#### REQUIREMENT
Would you return exactly the lines from the top of the data below through the one containing "بررسی نحوه اثر", leaving out the pictures?

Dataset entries
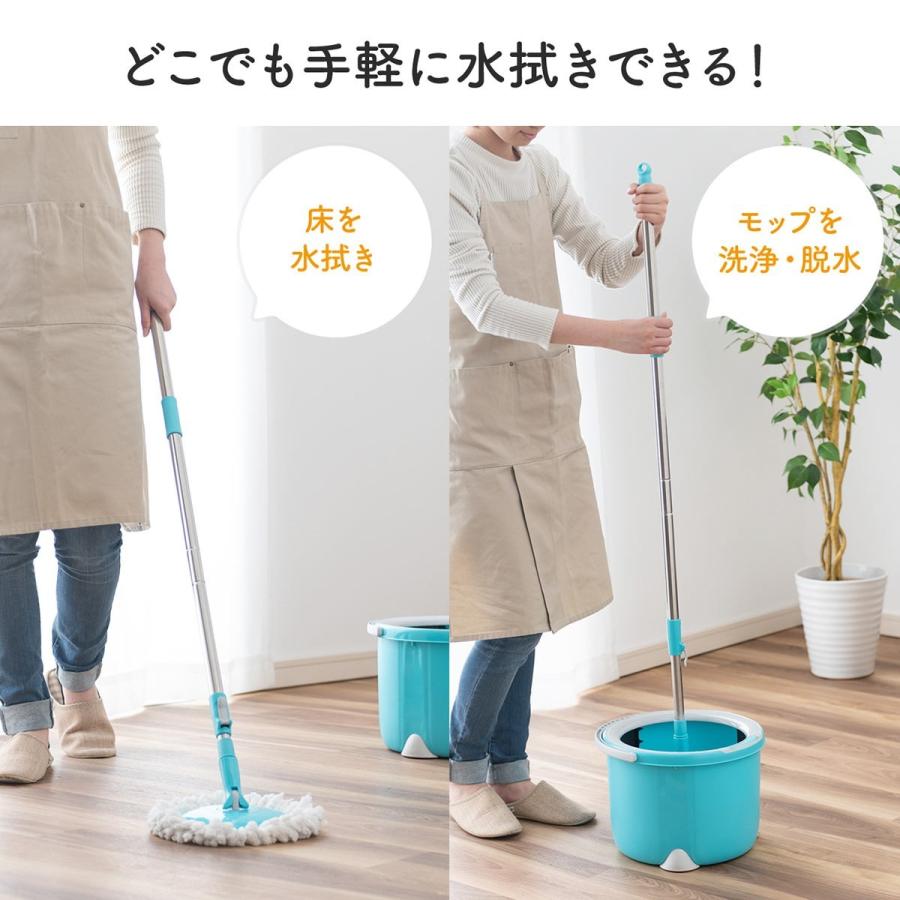 SANWA SUPPLY（サンワサプライ） 回転モップ バケツ付 立ったまま洗浄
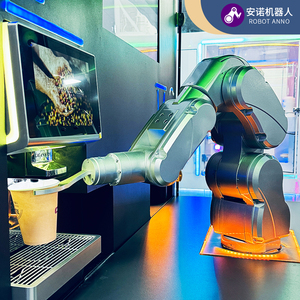 <span class=keywords><strong>Robot</strong></span> a 6 Assi Sistema Barista Completamente Robotizzato Distributore Automatico di Caffè - Product Image 4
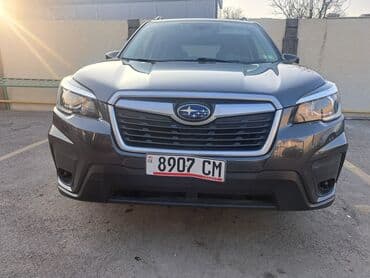 продаю связи с переездом: Subaru Forester: 2019 г., 2.5 л, Вариатор, Бензиновая, Кроссовер — 2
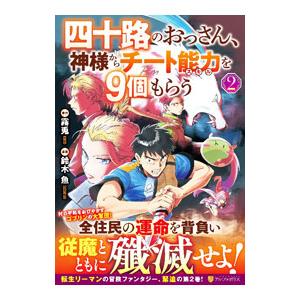 新品 / 裏バイト:逃亡禁止 (1-17巻 最新刊) 全巻セット : 漫画全巻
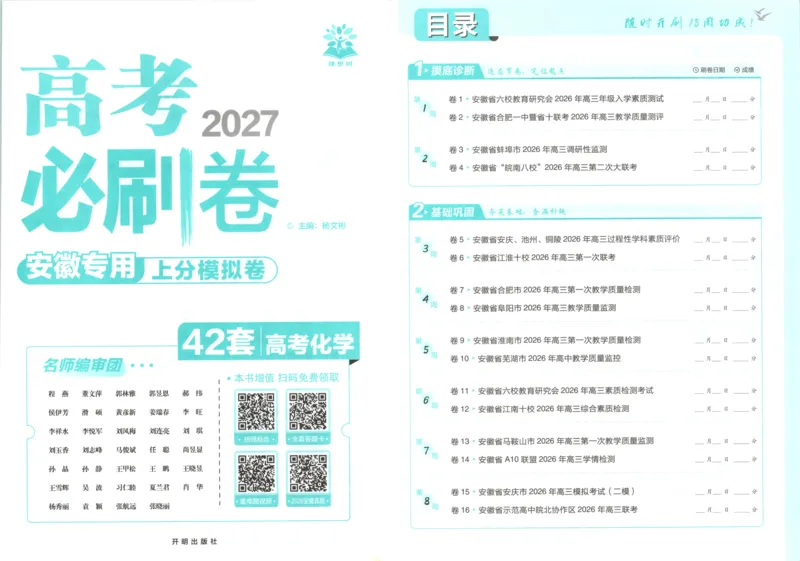 《主书_2027版《高考必刷卷42套》_2027版高考《必刷卷42套》高考上分模拟卷（化学）（安徽)》第2页预览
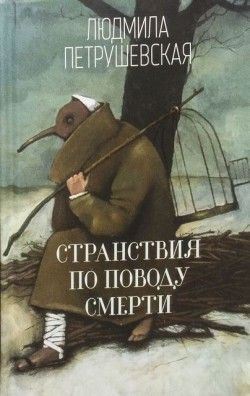 Людмила Петрушевская «Странствия по поводу смерти»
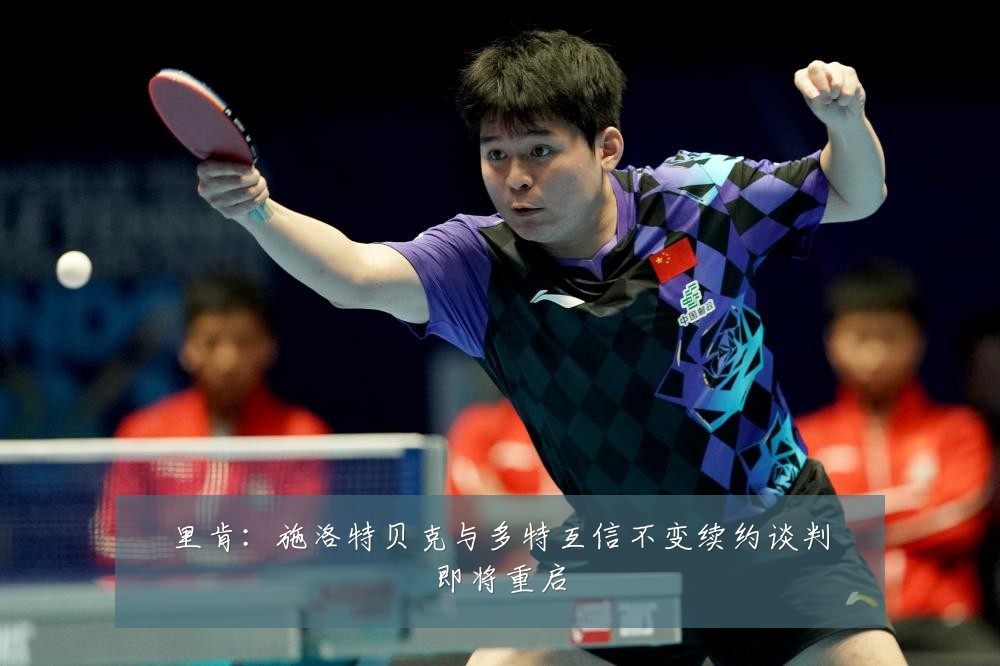 里肯：施洛特贝克与多特互信不变续约谈判即将重启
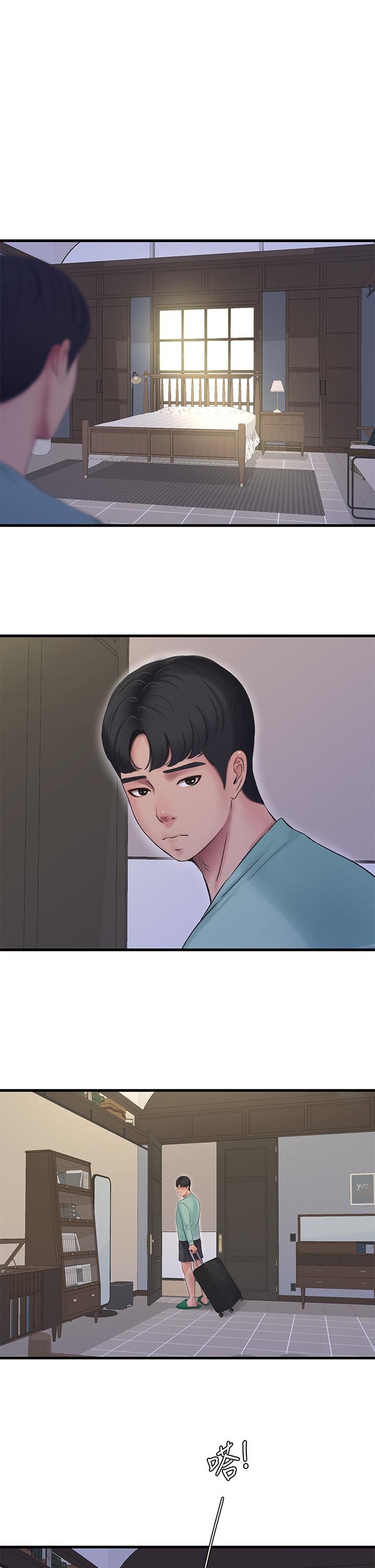 《親家四姊妹》漫画 第97話-你給不起的刺激感
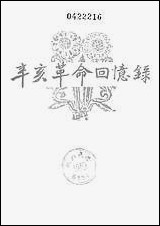 [下载][辛亥革命回忆录]第六集_中华书局.pdf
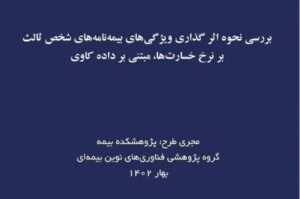 بررسی نحوه اثر گذاری ویژگی‌های بیمه شخص ثالث بر نرخ خسارت‌ها مبتنی بر داده کاوی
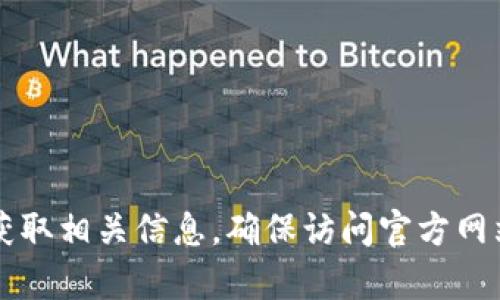 抱歉，我无法提供小狐钱包官网的具体网址。但您可以通过搜索引擎搜索“小狐钱包官网”来获取相关信息。确保访问官方网站，以确保信息的准确性和安全性。如果您有其他问题或需要其他类型的信息，请随时告诉我！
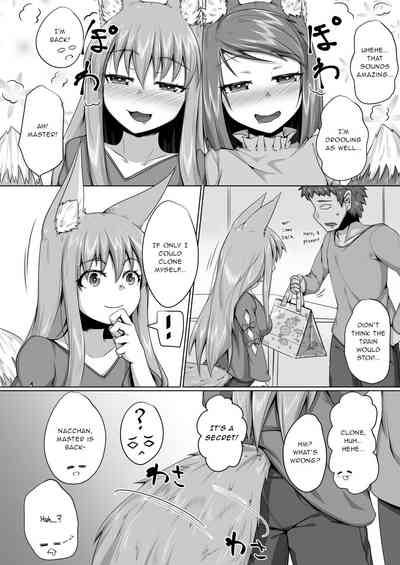 Explicit Series — FOX MANIAX4 [Toriaezu. (Kitsunekov)]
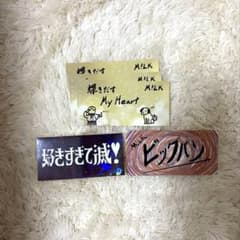M!LK 好きすぎて滅 ステッカー 3種セットのサムネイル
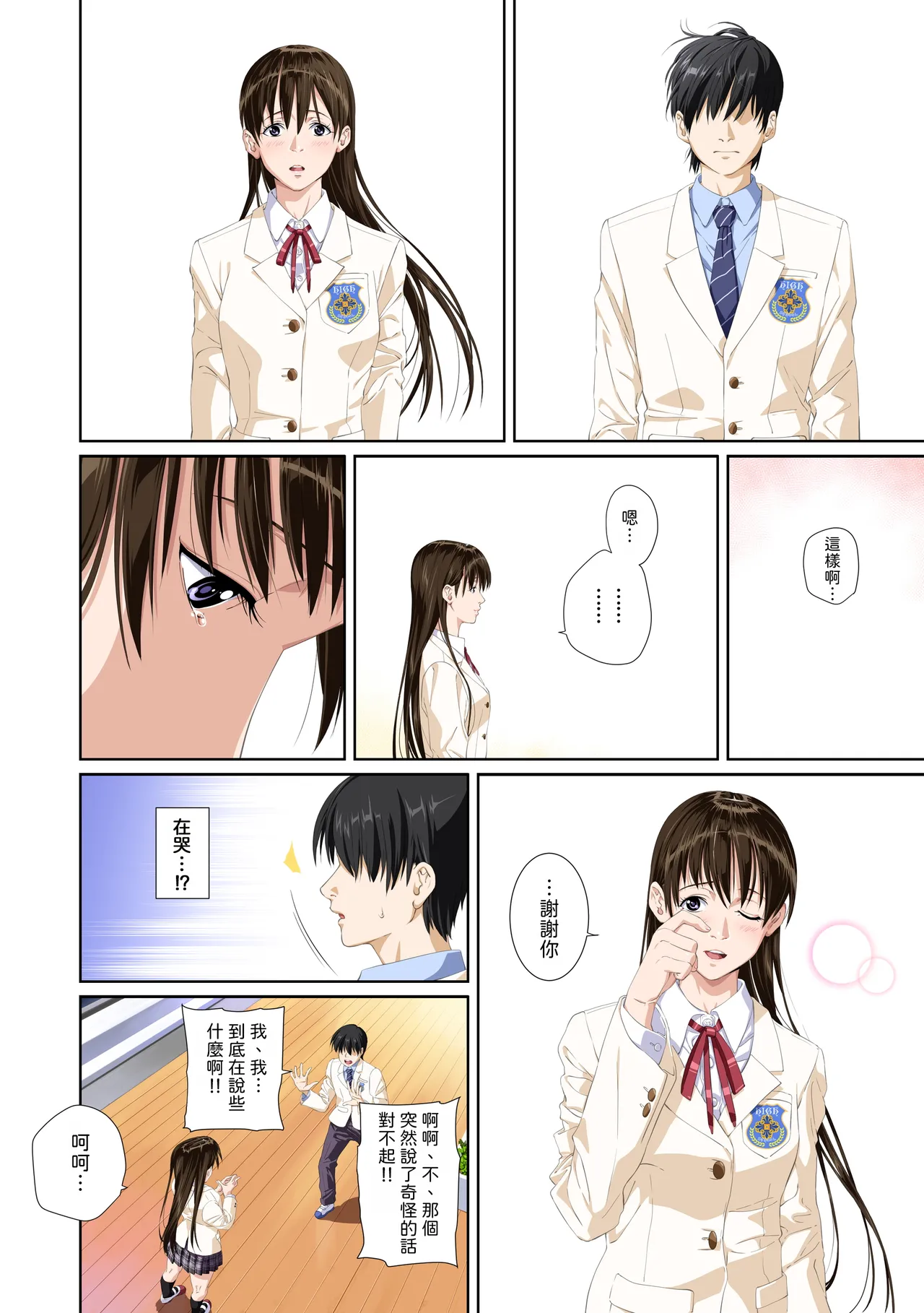 [SS-BRAIN]Koibito ja...nai. Seto Karen Hen + APPEND BOOK + Tokuten | 我和你又不是恋人。 濑户花恋篇 + APPEND BOOK + 限定特典[Chinese] [柜中人漢化] [Digital] Page 89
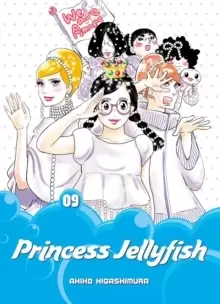 Image of Princess Jellyfish 9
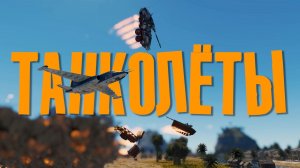 ТАНКОЛЁТЫ в War Thunder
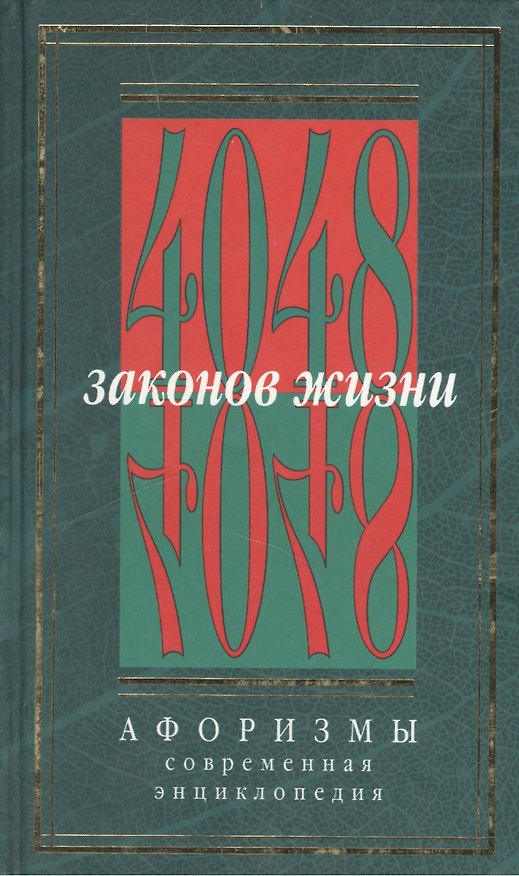 Книга 4048 законов жизни Афоризмы т.1 (Золотая Коллекция). Кондрашов А. (Рипол) () — 1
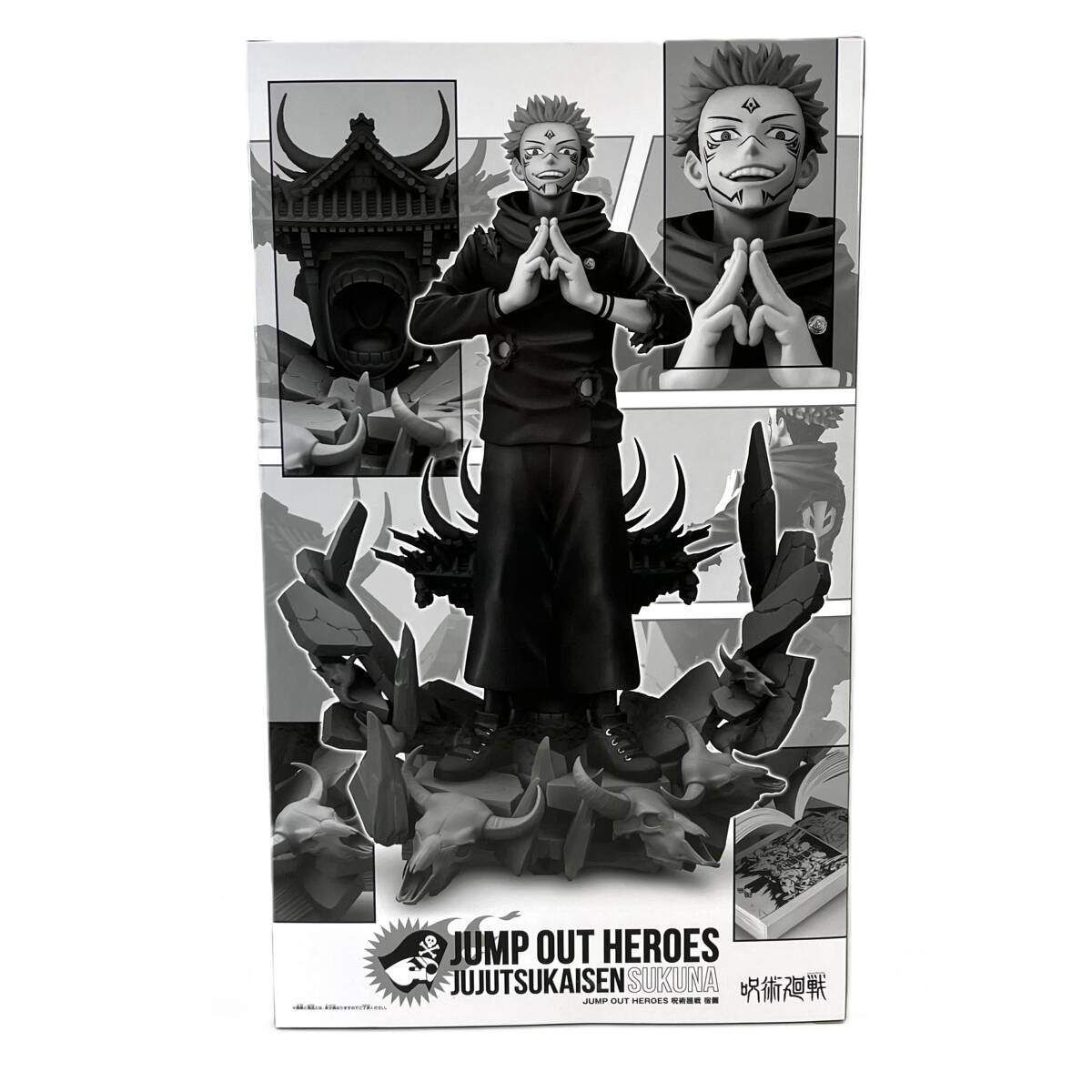 JUMP OUT HEROES 呪術廻戦 宿儺 応募者全員サービス フィギュア 未開封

#### RESPONSE
 SANWA SUPPLY（サンワサプライ） 回転モップ バケツ付 立ったまま洗浄
 <span class=keywords><strong>Robot</strong></span> a 6 Assi Sistema Barista Completamente Robotizzato Distributore Automatico di Caffè - Product Image 4
 продаю связи с переездом: Subaru Forester: 2019 г., 2.5 л, Вариатор, Бензиновая, Кроссовер — 2
 新品 / 裏バイト:逃亡禁止 (1-17巻 最新刊) 全巻セット : 漫画全巻
 《主书_2027版《高考必刷卷42套》_2027版高考《必刷卷42套》高考上分模拟卷（化学）（安徽)》第2页预览
 Людмила Петрушевская «Странствия по поводу смерти»
 里肯：施洛特贝克与多特互信不变续约谈判即将重启
 《親家四姊妹》漫画 第97話-你給不起的刺激感
 [下载][辛亥革命回忆录]第六集_中华书局.pdf
 بررسی نحوه اثر گذاری ویژگی‌های بیمه شخص ثالث بر نرخ خسارت‌ها مبتنی بر داده کاوی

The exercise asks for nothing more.